What you will do: Beneath this line sits some data. Return only its lines from the one holding "LV Petit Palais Monogram M45900 29cm 01" through the one holding "Nên thăm khám", inclusive, exactly, with the images removed.

** Opening Data supplied block **

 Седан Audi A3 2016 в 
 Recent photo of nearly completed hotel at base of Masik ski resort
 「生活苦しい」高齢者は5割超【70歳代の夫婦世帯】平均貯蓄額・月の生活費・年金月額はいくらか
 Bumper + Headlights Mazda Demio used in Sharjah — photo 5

** Closing Data supplied block **
** Opening Data supplied block **

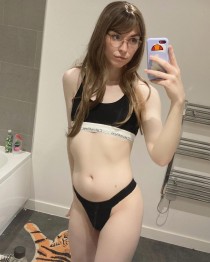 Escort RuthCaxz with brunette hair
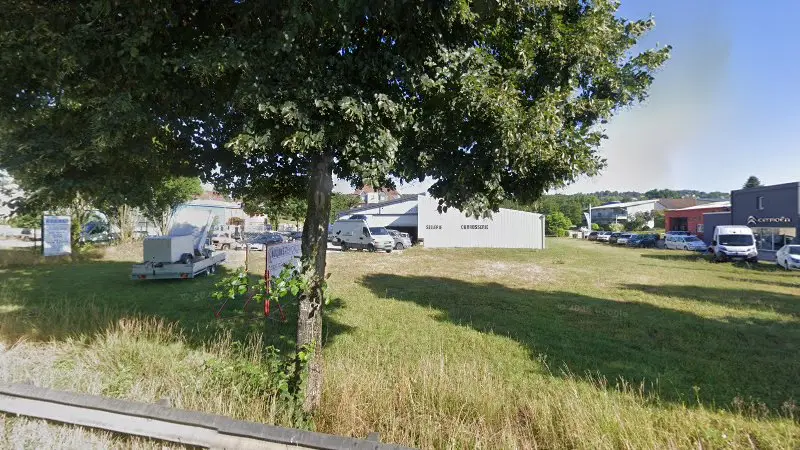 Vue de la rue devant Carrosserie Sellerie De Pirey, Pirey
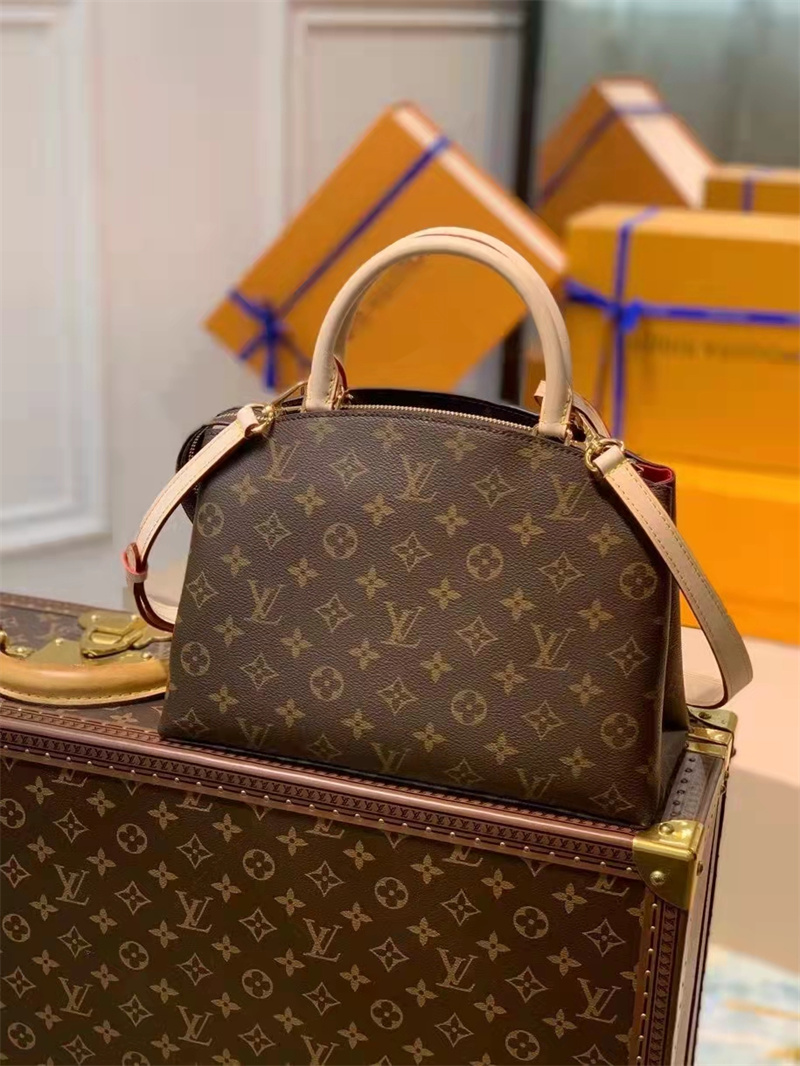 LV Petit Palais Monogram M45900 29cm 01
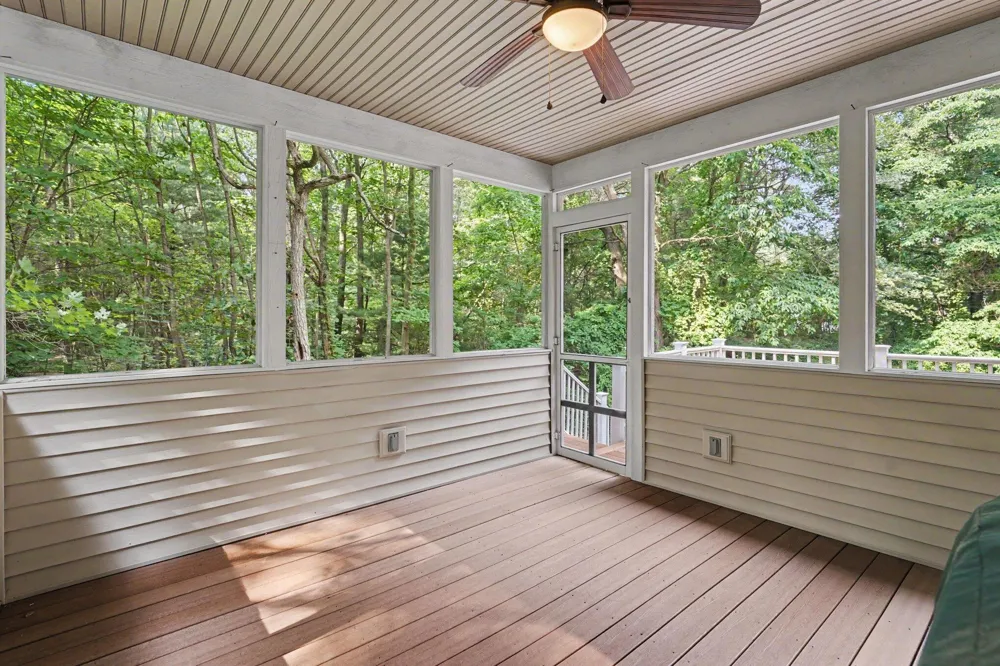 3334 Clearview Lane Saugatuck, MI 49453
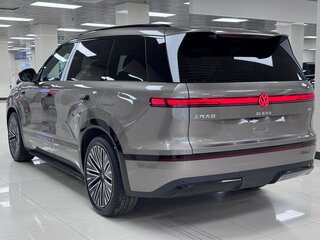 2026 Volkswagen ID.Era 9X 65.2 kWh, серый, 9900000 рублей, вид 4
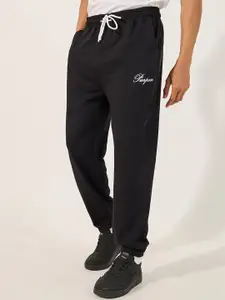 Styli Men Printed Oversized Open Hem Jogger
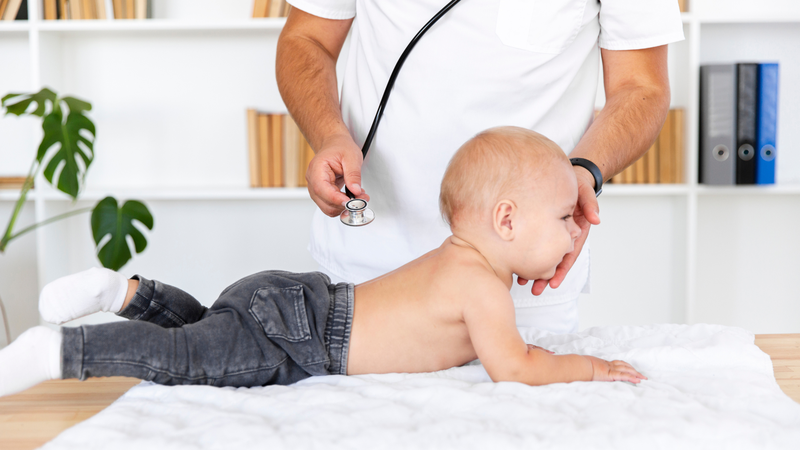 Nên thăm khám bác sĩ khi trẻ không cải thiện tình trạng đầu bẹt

** Closing Data supplied block **

Reply:
 LV Petit Palais Monogram M45900 29cm 01
 3334 Clearview Lane Saugatuck, MI 49453
 2026 Volkswagen ID.Era 9X 65.2 kWh, серый, 9900000 рублей, вид 4
 Styli Men Printed Oversized Open Hem Jogger
 Nên thăm khám bác sĩ khi trẻ không cải thiện tình trạng đầu bẹt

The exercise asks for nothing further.